The controversial My School website crashed because more than 2,350 people a second were trying to use it at 1.00am, according to Federal education minister Julia Gillard.

Gillard backed comments by the Australian curriculum assessment and reporting authority (ACARA) that the site was experiencing "huge demand".
She was unapologetic for a service she said "seems to be patchy" and suggested to users if they couldn't get on first time, "leave it a little while, then try and get on next time.
"This website's got the capacity to take 1.7 million hits in 24 hours. That means it can take 2,350 hits a second and even in the wee hours of the morning, because the website went up at 1am, there were some times that it appears that more people than 2,350 a second were trying to jump on," Gillard said in an interview on 2UE.
"This is backed up by nine servers and on and on the techie talk goes, but you know, 2,350 hits a second, that's a lot of people all trying to have a look."

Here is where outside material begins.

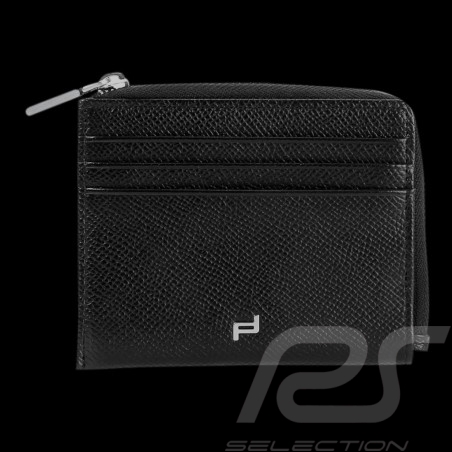 Porsche purse money holder black leather French Classic 3.0 Porsche Design 4090002159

She denied suggestions that the outage signalled the website had been rushed.
Shadow education minister Christopher Pyne seized on the failure. He said the figures quoted by Gillard suggested the Government "might be living in an alternative reality".
"Ms Gillard appears to be incapable of simply admitting to a mistake," Pyne said.
"We can add this to a long list of education bungles, which includes the Computers in Schools program which has blown out by $1.2 billion with only 150,000 out of 970,000 computers delivered."
My School launched today after a fortnight of controversy over the site. Critics say it will be used to ‘name-and-shame' underperforming schools and have called on teachers to boycott the next round of national tests that provide data for the website.